I know she’s trying to be kind, to look out for me, but I wouldn’t trust Simon even with choosing a logo for my business. I shake my head. ‘I’ve got some great advisors weighing in.’

‘Let Simon help you,’ she insists. Her eyes hold a challenge and it infuriates me. She knows what happened between us. I told her—because how could I not? I’m a firm believer that a woman should know if her husband’s messing around behind her back. Jemima simply told me I must have misunderstood, that he’d never cheat on her and certainly not with her own sister.

I don’t know how I’m supposed to have misunderstood his slurred voice whispering that we should get a hotel room together.

‘I’ll think about it,’ I offer, placatingly. I suppose her desire to see the best in her husband is only natural.
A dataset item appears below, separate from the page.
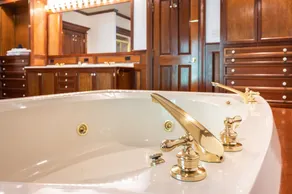 Estate at Fly Creek - Image 2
‘Now, Christmas lunch...’ Mum changes the subject with her usual panache for avoiding conflict. ‘Martha’s planning a turkey this year.’

‘It’s going to be so hot,’ I point out, then compress my lips because it sounds petulant. ‘But of course there’s air conditioning and we can go for a swim.’

‘It’s not Christmas without turkey and trimmings,’ Jemima agrees. ‘I’ll make the pudding. You know, Si’s family one?’

‘Yep.’ I wonder what Zach does for Christmas. His brother lives here, doesn’t he? And his new

wife and nephew? Will he spend it with them? Or his mum? More questions. I’ll ask him tonight.

I frown. Tonight? Am I seeing him tonight? I’ve seen him every night since we agreed to this. But we haven’t made any arrangement that we’ll hook up each night, it’s sort of just happened. I’ve gone to his place simply because it made sense to do so. A feeling of unease creeps through me, a feeling of resistance because I don’t want to be so easy. I don’t want to be so...enamoured of him.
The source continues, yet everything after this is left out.